Short text fragments from websites
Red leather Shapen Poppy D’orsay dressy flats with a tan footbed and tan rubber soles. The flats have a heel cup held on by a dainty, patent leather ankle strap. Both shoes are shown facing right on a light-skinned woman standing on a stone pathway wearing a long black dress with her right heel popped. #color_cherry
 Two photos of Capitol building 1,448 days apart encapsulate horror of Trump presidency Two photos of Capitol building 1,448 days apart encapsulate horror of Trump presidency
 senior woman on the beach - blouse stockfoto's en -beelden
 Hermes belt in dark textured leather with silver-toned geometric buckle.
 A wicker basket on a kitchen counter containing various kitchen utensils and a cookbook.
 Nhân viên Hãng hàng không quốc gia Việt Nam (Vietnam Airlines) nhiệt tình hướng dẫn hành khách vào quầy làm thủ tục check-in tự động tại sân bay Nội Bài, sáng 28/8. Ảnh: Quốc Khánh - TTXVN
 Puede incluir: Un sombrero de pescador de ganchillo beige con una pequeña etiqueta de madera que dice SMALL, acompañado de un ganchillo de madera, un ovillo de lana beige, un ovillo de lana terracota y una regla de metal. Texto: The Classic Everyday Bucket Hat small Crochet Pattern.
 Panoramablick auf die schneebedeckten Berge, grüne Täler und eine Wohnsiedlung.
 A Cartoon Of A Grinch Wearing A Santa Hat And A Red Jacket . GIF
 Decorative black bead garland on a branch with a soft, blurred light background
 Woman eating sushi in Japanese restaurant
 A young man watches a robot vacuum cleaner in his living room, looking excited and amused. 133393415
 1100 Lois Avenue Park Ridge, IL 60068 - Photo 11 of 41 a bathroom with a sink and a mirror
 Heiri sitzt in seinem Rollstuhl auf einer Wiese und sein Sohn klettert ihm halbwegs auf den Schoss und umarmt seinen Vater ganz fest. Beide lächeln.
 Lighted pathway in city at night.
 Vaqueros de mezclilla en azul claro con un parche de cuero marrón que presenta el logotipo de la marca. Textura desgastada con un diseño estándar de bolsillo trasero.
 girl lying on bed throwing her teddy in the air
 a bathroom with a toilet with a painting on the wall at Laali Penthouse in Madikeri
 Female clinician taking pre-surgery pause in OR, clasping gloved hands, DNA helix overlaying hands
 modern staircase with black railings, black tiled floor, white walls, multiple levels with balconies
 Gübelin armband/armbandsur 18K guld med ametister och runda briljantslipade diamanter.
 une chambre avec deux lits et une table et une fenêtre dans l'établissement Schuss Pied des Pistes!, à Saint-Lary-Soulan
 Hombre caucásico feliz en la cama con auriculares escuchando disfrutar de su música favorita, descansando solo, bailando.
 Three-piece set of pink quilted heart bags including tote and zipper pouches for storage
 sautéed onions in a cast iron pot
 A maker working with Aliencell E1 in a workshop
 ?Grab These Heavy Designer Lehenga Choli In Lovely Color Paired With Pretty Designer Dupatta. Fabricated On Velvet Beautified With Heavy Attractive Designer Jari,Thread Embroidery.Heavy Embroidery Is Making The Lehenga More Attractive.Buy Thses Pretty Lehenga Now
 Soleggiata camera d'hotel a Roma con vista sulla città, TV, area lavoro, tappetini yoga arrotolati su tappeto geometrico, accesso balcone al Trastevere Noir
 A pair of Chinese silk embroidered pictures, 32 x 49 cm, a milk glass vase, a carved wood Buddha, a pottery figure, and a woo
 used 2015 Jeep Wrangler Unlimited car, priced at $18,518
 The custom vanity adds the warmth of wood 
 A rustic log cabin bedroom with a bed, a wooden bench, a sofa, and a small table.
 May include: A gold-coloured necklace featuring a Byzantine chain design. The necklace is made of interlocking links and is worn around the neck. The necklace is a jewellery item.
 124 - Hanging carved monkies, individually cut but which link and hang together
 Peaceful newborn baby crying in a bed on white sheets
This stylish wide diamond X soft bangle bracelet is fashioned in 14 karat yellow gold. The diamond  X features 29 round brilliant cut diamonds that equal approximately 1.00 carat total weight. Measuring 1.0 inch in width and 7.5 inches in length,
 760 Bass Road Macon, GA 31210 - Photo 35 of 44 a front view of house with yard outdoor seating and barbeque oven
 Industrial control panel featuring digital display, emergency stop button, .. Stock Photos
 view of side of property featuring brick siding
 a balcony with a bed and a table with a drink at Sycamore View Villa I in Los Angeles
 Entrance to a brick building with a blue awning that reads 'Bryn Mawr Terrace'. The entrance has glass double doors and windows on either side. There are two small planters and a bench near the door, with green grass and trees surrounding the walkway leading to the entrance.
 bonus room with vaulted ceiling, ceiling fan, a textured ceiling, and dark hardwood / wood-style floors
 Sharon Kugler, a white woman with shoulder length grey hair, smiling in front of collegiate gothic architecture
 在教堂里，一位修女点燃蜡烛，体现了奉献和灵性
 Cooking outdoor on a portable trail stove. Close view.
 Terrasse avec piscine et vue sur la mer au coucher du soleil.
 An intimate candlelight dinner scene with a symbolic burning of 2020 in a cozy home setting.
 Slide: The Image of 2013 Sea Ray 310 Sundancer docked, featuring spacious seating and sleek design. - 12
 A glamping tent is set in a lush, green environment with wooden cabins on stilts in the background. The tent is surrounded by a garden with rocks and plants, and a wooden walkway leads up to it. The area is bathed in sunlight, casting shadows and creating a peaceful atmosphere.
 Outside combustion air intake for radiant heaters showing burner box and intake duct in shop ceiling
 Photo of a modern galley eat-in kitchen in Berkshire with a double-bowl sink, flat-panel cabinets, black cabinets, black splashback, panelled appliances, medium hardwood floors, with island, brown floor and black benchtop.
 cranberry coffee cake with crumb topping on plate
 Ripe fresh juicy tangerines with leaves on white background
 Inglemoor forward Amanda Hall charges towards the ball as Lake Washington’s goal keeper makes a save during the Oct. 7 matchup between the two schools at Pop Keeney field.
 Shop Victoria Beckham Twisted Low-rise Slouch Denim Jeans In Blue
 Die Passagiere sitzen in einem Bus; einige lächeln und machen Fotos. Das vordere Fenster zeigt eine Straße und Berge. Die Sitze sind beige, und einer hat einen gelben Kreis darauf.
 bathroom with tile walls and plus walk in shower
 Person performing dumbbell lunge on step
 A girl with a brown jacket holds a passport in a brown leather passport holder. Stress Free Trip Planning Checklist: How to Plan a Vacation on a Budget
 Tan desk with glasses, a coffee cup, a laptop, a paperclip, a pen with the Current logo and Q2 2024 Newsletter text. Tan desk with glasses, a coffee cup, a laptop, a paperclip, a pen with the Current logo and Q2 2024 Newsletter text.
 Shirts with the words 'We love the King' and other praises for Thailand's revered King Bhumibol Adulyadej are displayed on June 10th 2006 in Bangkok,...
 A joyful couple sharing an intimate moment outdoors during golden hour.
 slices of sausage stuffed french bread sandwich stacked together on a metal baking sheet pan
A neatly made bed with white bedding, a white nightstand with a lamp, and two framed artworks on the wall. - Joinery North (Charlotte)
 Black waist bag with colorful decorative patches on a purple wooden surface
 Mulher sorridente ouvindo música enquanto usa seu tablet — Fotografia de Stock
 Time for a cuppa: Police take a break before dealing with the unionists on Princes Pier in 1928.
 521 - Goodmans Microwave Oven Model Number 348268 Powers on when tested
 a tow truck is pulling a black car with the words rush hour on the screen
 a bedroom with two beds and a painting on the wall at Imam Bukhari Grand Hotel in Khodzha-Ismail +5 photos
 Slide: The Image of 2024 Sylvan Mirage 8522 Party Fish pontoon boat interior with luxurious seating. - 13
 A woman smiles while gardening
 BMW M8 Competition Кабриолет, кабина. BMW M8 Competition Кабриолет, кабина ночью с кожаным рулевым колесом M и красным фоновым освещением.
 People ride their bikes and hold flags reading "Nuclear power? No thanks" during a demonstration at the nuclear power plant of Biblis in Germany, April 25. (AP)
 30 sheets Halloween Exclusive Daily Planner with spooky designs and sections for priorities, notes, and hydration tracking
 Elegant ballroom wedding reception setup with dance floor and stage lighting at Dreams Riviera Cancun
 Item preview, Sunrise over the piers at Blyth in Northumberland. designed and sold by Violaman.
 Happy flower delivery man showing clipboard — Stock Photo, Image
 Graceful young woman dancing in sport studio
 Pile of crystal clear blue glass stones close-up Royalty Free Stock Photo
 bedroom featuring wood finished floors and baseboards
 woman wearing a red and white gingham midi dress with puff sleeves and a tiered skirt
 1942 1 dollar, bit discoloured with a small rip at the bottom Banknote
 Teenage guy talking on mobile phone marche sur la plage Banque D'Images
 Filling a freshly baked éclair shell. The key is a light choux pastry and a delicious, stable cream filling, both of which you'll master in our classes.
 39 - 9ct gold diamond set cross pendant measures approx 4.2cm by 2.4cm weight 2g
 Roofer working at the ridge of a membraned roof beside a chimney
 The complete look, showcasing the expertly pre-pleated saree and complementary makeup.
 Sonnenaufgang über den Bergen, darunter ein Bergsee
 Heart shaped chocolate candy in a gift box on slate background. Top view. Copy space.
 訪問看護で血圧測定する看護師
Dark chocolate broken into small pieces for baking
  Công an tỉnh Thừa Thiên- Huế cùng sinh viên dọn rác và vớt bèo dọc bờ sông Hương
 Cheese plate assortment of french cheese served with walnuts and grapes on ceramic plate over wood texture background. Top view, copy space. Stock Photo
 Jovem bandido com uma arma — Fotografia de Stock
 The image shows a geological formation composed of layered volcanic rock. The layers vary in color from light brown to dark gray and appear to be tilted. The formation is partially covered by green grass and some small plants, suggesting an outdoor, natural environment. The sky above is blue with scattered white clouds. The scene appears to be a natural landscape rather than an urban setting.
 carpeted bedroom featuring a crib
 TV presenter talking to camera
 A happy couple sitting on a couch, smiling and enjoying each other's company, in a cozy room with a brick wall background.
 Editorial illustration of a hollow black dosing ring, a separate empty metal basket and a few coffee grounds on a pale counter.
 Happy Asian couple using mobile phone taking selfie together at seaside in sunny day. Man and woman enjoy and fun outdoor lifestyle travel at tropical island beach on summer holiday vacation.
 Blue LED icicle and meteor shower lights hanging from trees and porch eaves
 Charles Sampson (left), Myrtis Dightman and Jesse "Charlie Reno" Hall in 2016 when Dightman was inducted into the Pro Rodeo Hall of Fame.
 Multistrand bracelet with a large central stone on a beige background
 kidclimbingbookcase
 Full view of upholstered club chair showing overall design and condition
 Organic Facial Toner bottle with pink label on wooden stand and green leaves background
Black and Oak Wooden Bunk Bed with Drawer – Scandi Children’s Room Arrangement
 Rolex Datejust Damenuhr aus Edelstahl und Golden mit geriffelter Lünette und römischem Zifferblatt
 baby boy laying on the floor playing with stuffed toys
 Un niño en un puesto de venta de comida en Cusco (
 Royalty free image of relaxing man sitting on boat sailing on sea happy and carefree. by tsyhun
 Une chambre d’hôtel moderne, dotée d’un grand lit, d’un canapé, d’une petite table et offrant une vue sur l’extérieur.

#### [PROMPT]
Each line above that contains the word "working" counts once; give the total and no other text.

#### [ANSWER]
2